Mini Cranberry Pistachio Cheesecakes are just what this season’s holiday parties called for: easy to make, easy to enjoy, and don’t require extra utensils for your guests to enjoy – because we know those are always a hot commodity at parties. Not to mention they are so festive with their pink swirls and green pistachios!
Mini Cranberry Pistachio Cheesecakes
- 1/2 cup fresh cranberries
- 1/4 cup granulated sugar
- 1/4 cup water
- 1 Tablespoon lemon juice
- 1 1/2 cups shortbread cookie crumbs, ~6.5 ounces of cookies
- 2/3 cup shelled pistachios
- 2 Tablespoons butter, melted
- 16 ounces cream cheese, room temperature
- 2/3 cup granulated sugar
- 1 teaspoon vanilla
- 2 eggs, room temperature
- Cranberry Sauce: In a small saucepan, bring cranberries, sugar, water, and lemon juice to a slow simmer over medium heat. Simmer for 7-8 minutes, crushing cranberries with a spoon as they begin to pop. Remove from heat and set aside to cool. Once cool, push through a mesh sieve to remove skins.
- Crust: In a food processor, blend together shortbread cookies and pistachios until a sand-like mixture forms. Add butter and mix thoroughly.

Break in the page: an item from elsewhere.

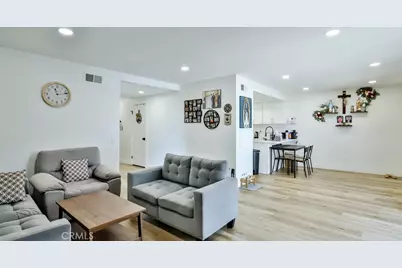 1078 Border Avenue, Corona, CA 92882 - Photo 3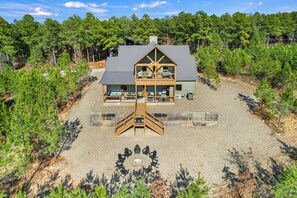 Exterior - Dreamy Sunset Mountain Views/Central Loc/Hot Tub! (Broken Bow)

- Cheesecake: Using an electric mixer, whip together cream cheese, sugar, and vanilla until combined, light, and fluffy. Add eggs one at a time, slowly mixing in between each addition until just incorporated.
- Preheat oven to 325°F. Assemble cheesecakes by placing approximately 1 Tablespoon shortbread and pistachio crust into the bottom of each mini cheesecake tin. Tamper down until a uniform crust forms. Add cheesecake filling to the top of each tin. Add 1/4 teaspoon of cranberry sauce to the top of each cheesecake and swirl around with a toothpick.
- Bake cheesecakes for 18-20 minutes until set around the edges; the centers may still jiggle and that's ok. Let cool at room temperature for 45 minutes to an hour. Chill in the fridge for 1-2 hours. The cheesecakes will set up in the fridge and be much easier to remove from the mini cheesecake pan after chilling.
Disclaimer: The nutritional information provided for this recipe is only an estimate. The accuracy of the facts listed is not and cannot be guaranteed.